RECORDS FOR THE EXERCISE
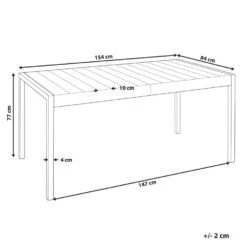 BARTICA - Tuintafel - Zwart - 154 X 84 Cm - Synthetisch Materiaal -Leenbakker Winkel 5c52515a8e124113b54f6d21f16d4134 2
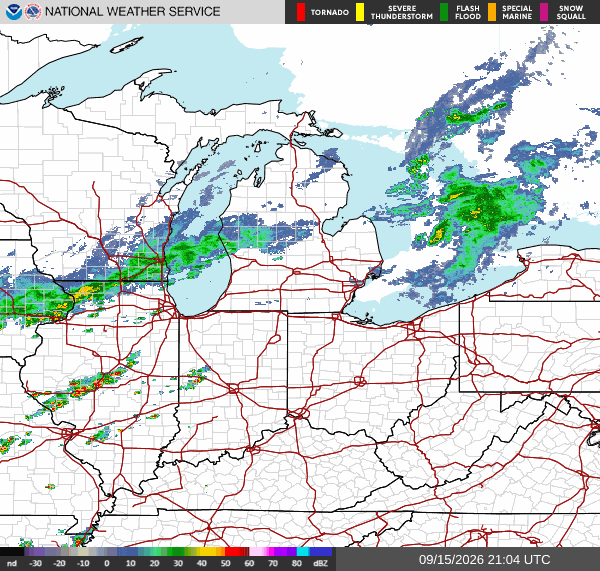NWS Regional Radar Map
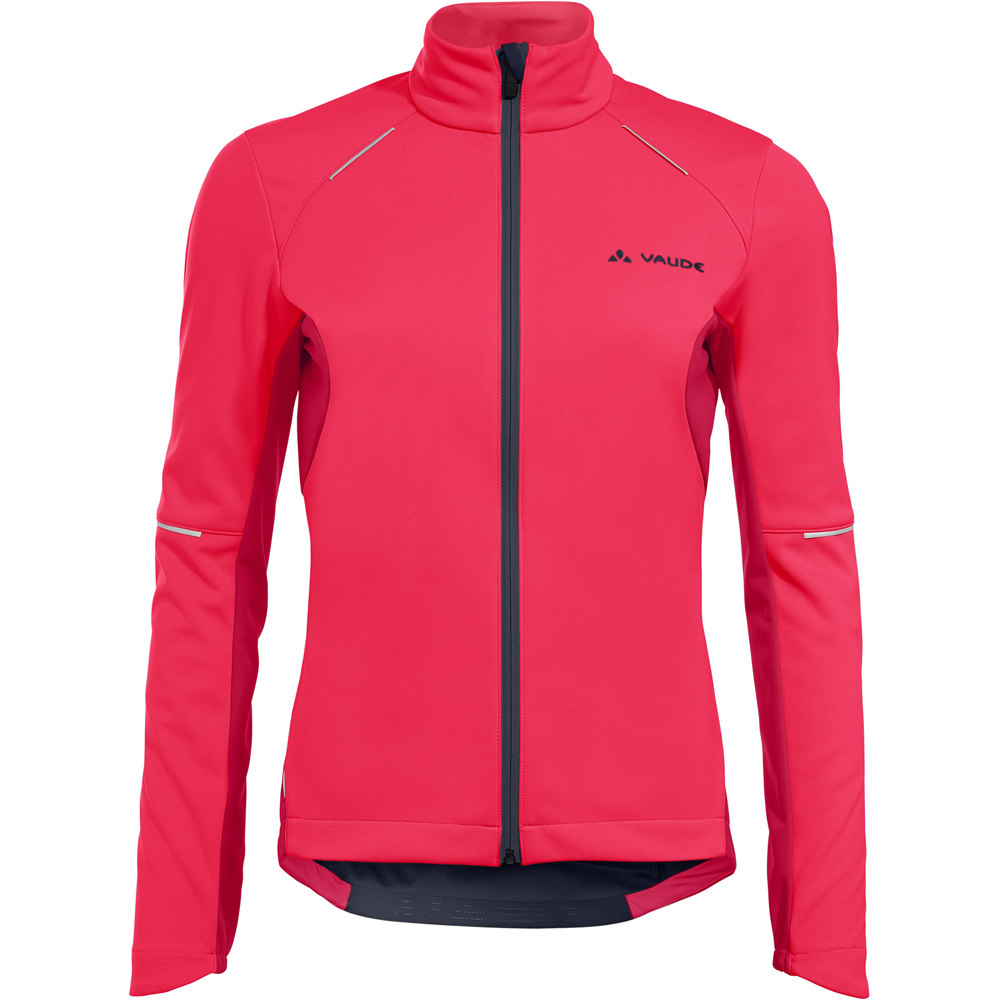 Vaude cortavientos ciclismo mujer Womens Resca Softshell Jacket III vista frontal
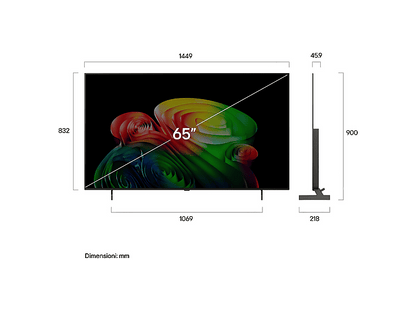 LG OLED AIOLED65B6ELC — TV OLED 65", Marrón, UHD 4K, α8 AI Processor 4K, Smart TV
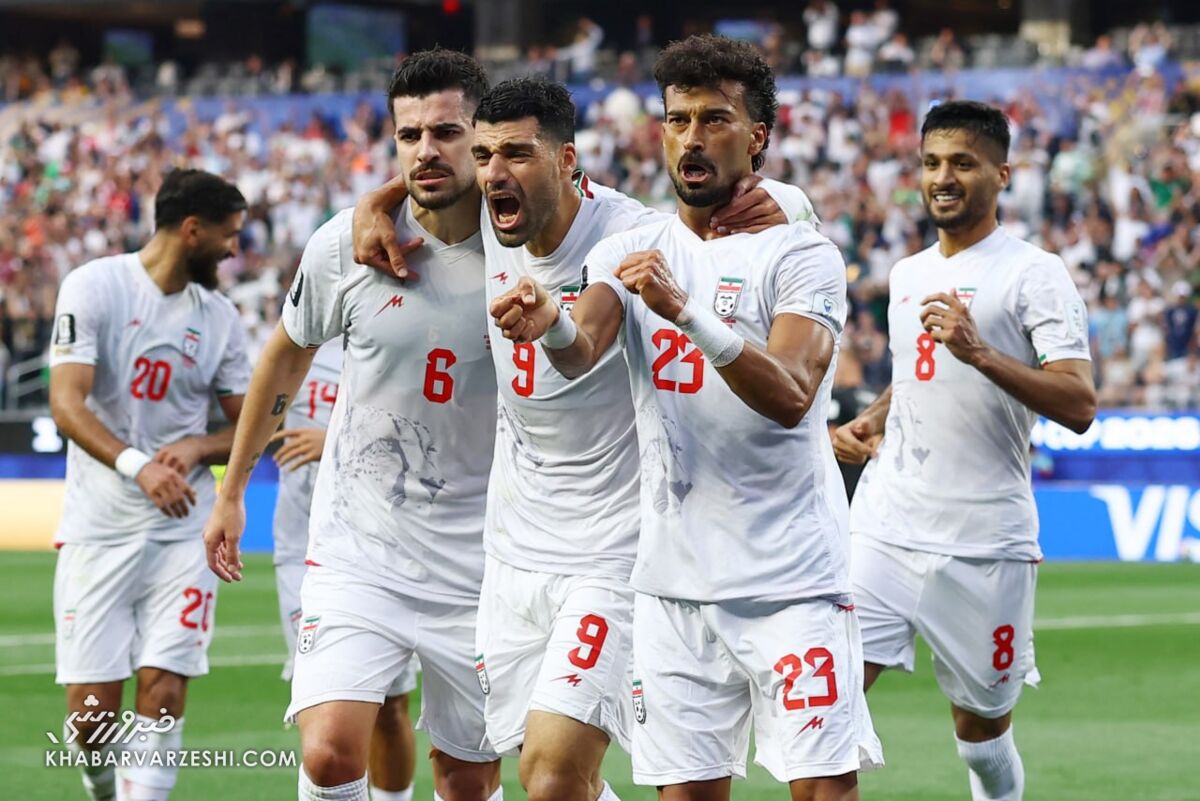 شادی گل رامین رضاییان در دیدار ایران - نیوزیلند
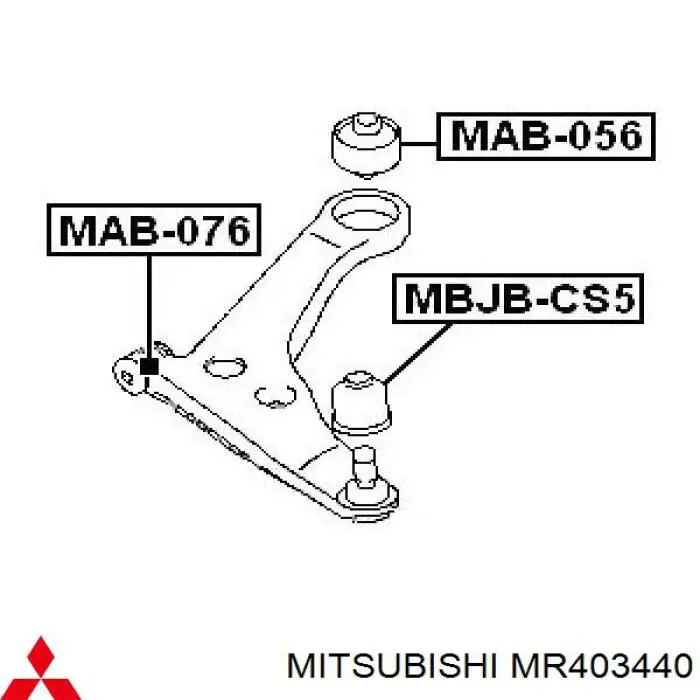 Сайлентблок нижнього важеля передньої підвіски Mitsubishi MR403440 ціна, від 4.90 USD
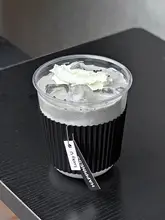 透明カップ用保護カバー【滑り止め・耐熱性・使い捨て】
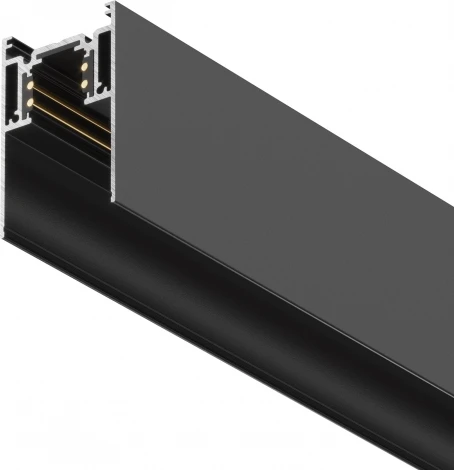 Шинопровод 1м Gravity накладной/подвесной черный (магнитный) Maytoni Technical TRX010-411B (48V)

* * *

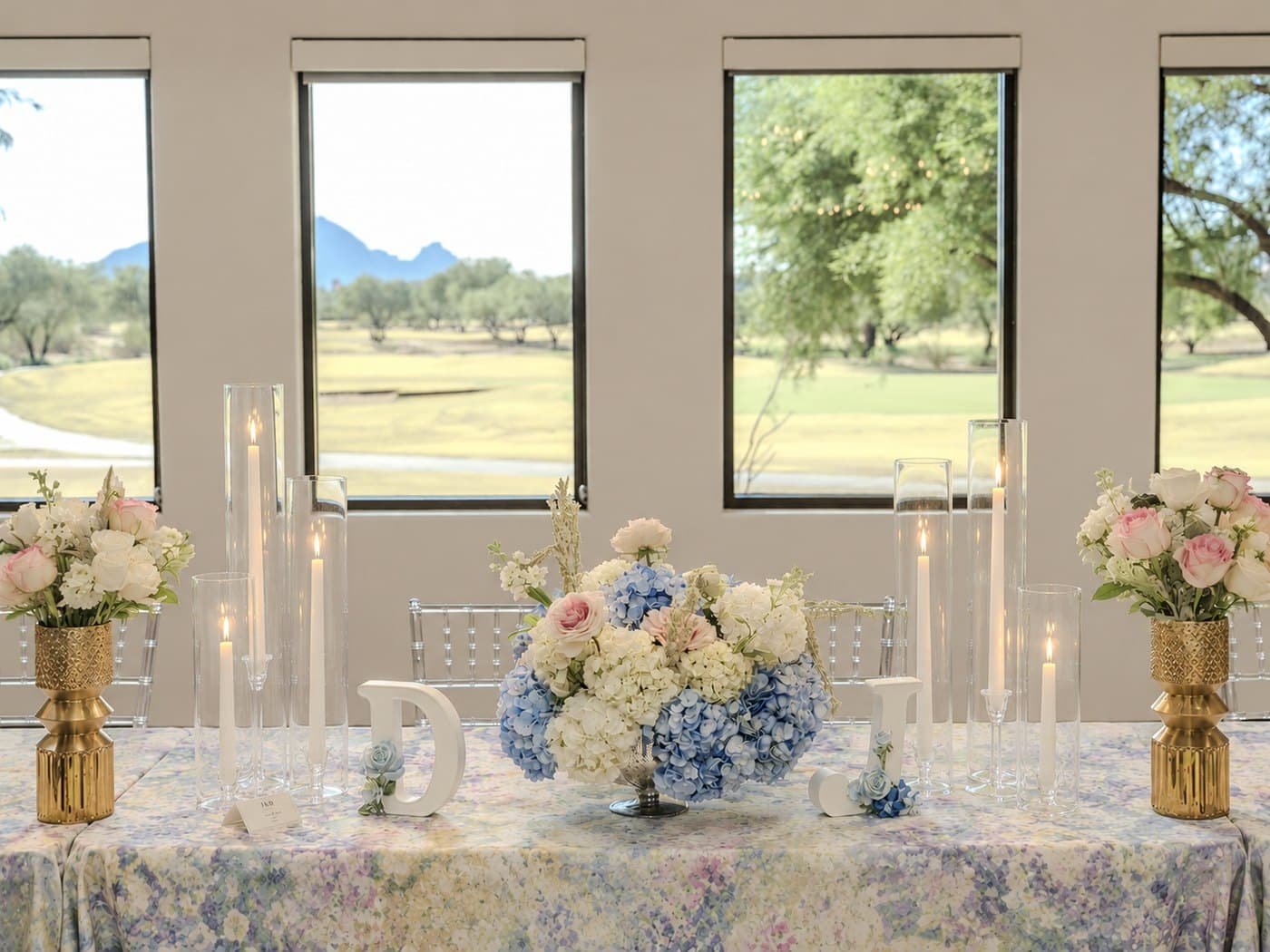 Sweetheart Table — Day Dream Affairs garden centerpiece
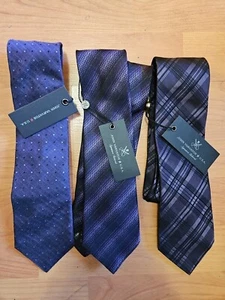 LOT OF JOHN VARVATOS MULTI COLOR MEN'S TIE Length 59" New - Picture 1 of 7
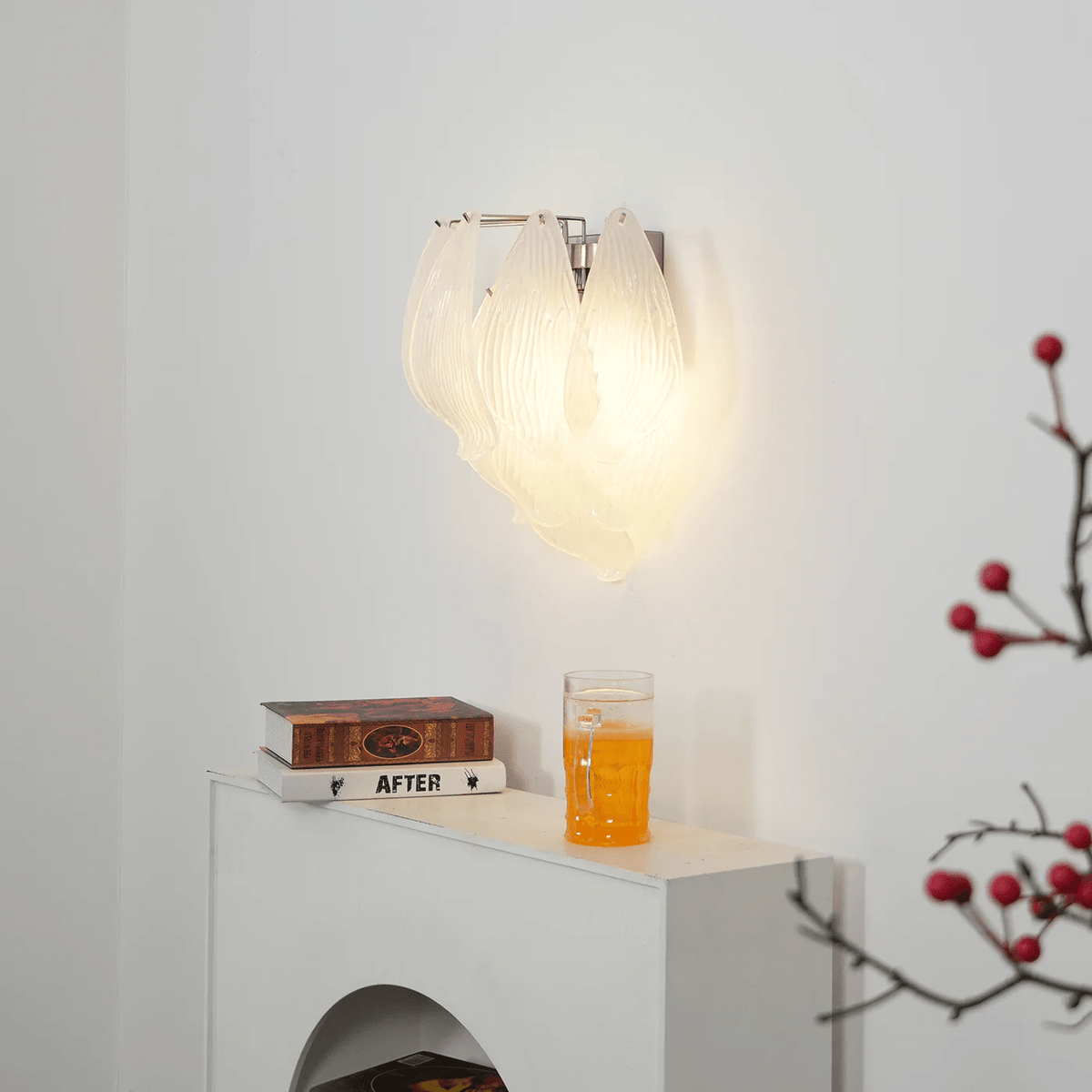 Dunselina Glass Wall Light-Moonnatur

---

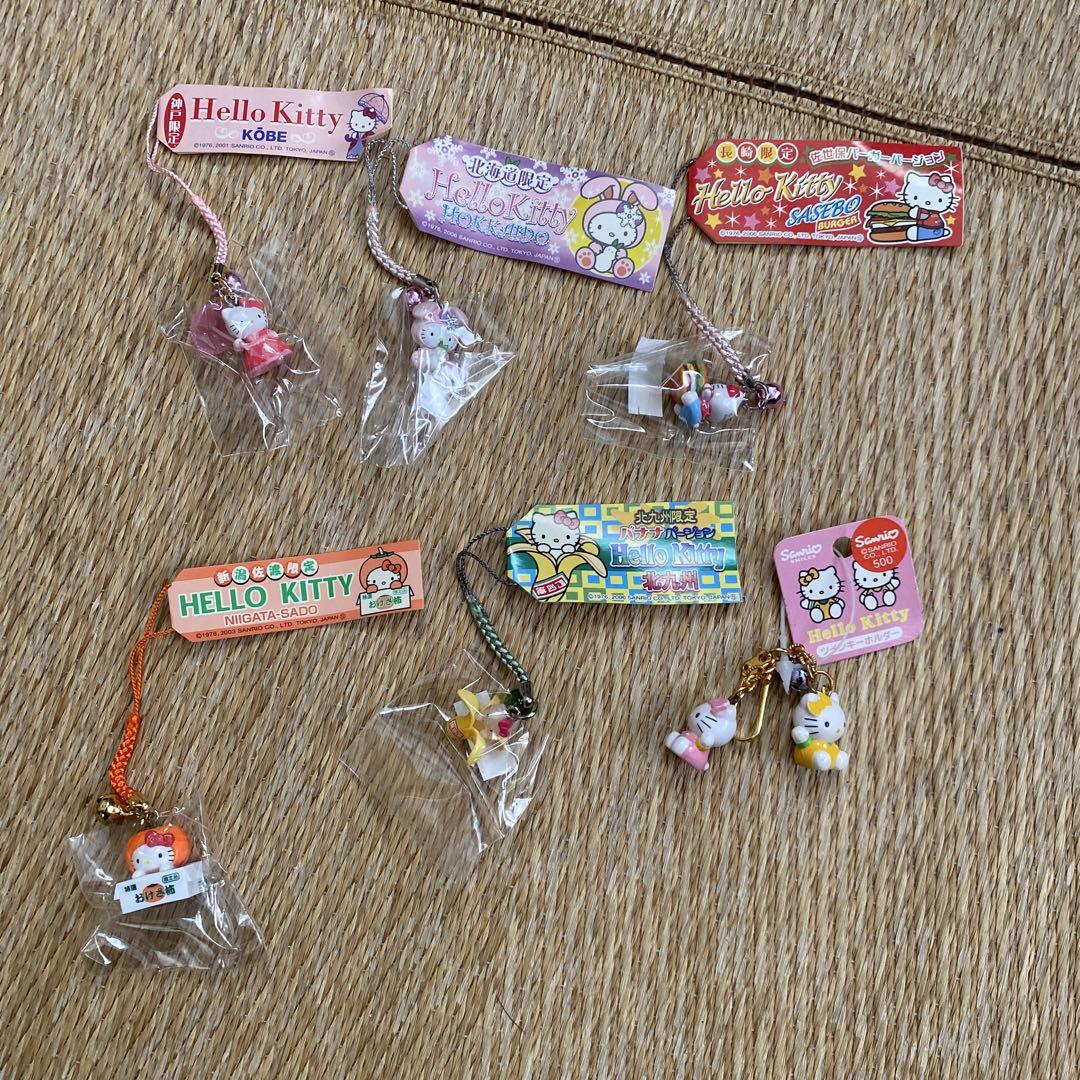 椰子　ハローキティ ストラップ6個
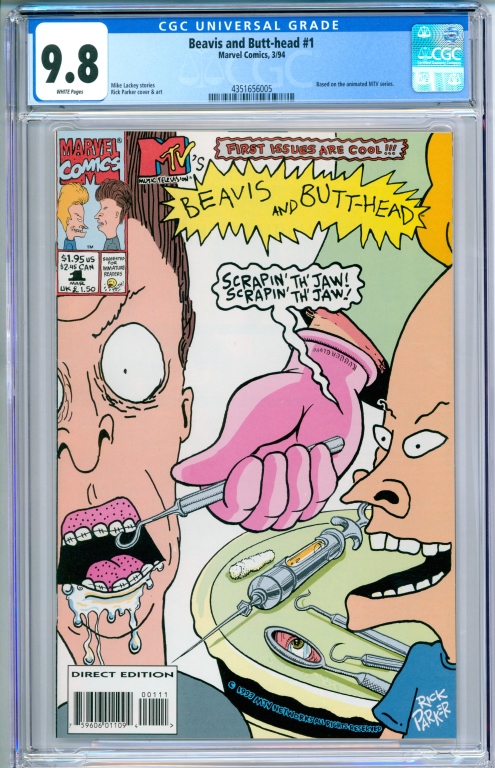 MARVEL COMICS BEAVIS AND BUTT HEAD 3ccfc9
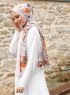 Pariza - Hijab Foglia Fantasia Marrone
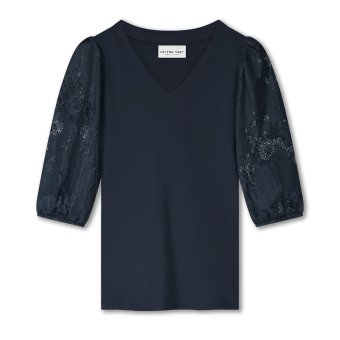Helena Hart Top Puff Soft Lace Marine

WORK TO BE COMPLETED
Looking above, find the stretch of lines that opens with the one holding "BARTICA - Tuintafel" and closes with the one holding "透明カップ用保護カバー【滑り止め・耐熱性・使い捨て】". Copy it exactly, pictures excluded.

RESULT FOR THIS EXERCISE
 BARTICA - Tuintafel - Zwart - 154 X 84 Cm - Synthetisch Materiaal -Leenbakker Winkel 5c52515a8e124113b54f6d21f16d4134 2
NWS Regional Radar Map
 Vaude cortavientos ciclismo mujer Womens Resca Softshell Jacket III vista frontal
 LG OLED AIOLED65B6ELC — TV OLED 65", Marrón, UHD 4K, α8 AI Processor 4K, Smart TV
 شادی گل رامین رضاییان در دیدار ایران - نیوزیلند
 Сайлентблок нижнього важеля передньої підвіски Mitsubishi MR403440 ціна, від 4.90 USD
 透明カップ用保護カバー【滑り止め・耐熱性・使い捨て】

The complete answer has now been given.